JACKSON — The Democrat-controlled Mississippi House has rejected an alternative redistricting plan promoted by Republicans, calling it a veiled attempt to give the GOP two chances to win the chamber’s top leadership position.
The House chose instead to revive its original proposal that was derailed last week in the Senate. The House voted to insert its redistricting language into the Senate’s resolution and then approved the measure 69-52. The proposal has been held for more debate.
Lawmakers have said they’re under pressure to approve the new redistricting maps for the 122-member House and the 52-member Senate to reflect population shifts revealed in the 2010 Census. The plans have to withstand U.S. Justice Department scrutiny, and lawmakers say the agency could take up to 60 days to examine the plans. Candidates face a June 1 deadline to qualify for this year’s legislative races.
If the two sides can’t agree on the maps, lawmakers say Mississippi might have to conduct legislative elections two years in a row — this year in outdated districts that are not balanced by population, and next year in new districts, if the new maps are ready by then.
Rep. Ed Blackmon, D-Canton, said during debate the GOP plan was part of an attempt to break down the redistricting process in hopes of forcing two elections. He said that would give Republicans two opportunities to elect a Republican to succeed House Speaker Billy McCoy, D-Rienzi.
“They are saying what they want to do. This is a vote for speaker of the House,” Blackmon said. “What they don’t like is too many minority districts spread out across the state.”
Jim Herring, a former chairman of the Mississippi Republican Party who now heads Mississippians for Fair Redistricting, said in a news release the Senate shouldn’t accept the House’s plan.

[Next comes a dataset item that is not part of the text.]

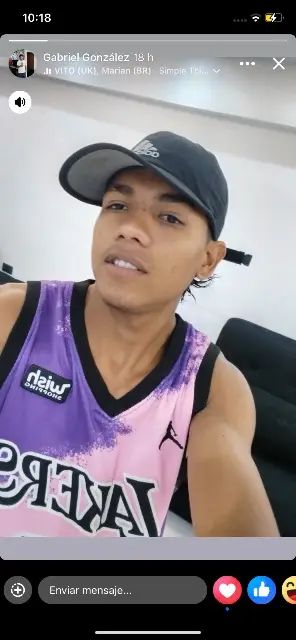 Gabriel Gonzales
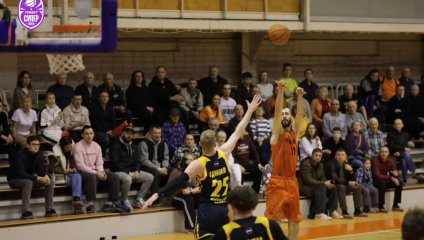 Темп-СУМЗ - Химки 68:89 (09.04.2026)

“A Senate vote to concur is, simply, a vote to re-elect Speaker Billy McCoy. A Senate vote to concur is a vote to accept a status quo plan that does not serve the people’s best interest,” Herring said.
On the floor, Republicans said the alternative plan was about fairness.
Rep. Phillip Gunn, R-Clinton, said the alternative proposal was based on the original House plan. He said 45 districts were unchanged and several others had minimal reconfigurations.
“We feel like we made improvements to the (original) plan,” Gunn said. “There was great consideration on the impact of majority-minority districts.”
Rep. Tommy Reynolds, a Democrat from Charleston who is the House redistricting chairman, said the GOP plan would be rejected by the Justice Department, which checks to ensure minority voting strength isn’t diluted. He also said it was an attack on Democrats.
“We were ready to consider any change to improve a district represented by a Republican, or to reconfigure an open seat,” Reynolds said later in a statement. “The proposal did neither of these things. Their requested changes were attempts to pair incumbent Democrats, and to reconfigure the districts of many other Democratic incumbents to their detriment.”
The initial House plan goes from 39 majority-black districts to 44. The Republican plan had 42 majority-black districts, but it had fewer split precincts than the original House proposal.
The original House plan was tabled in the Senate Elections Committee chaired by Sen. Terry Burton, R-Newton. Republican Lt. Gov. Phil Bryant had said he wouldn’t support the plan. The Senate approved its redistricting plan last week.
When the House plan is released, it will be up to the Senate to decide whether to accept the proposal or seek negotiations with the opposite, which could prolong the process.
Bryant said the House Republicans were “courageous” for placing “the people’s interest above their own. I expect the members of the Senate to do the same.”
The resolution is Joint Resolution 201.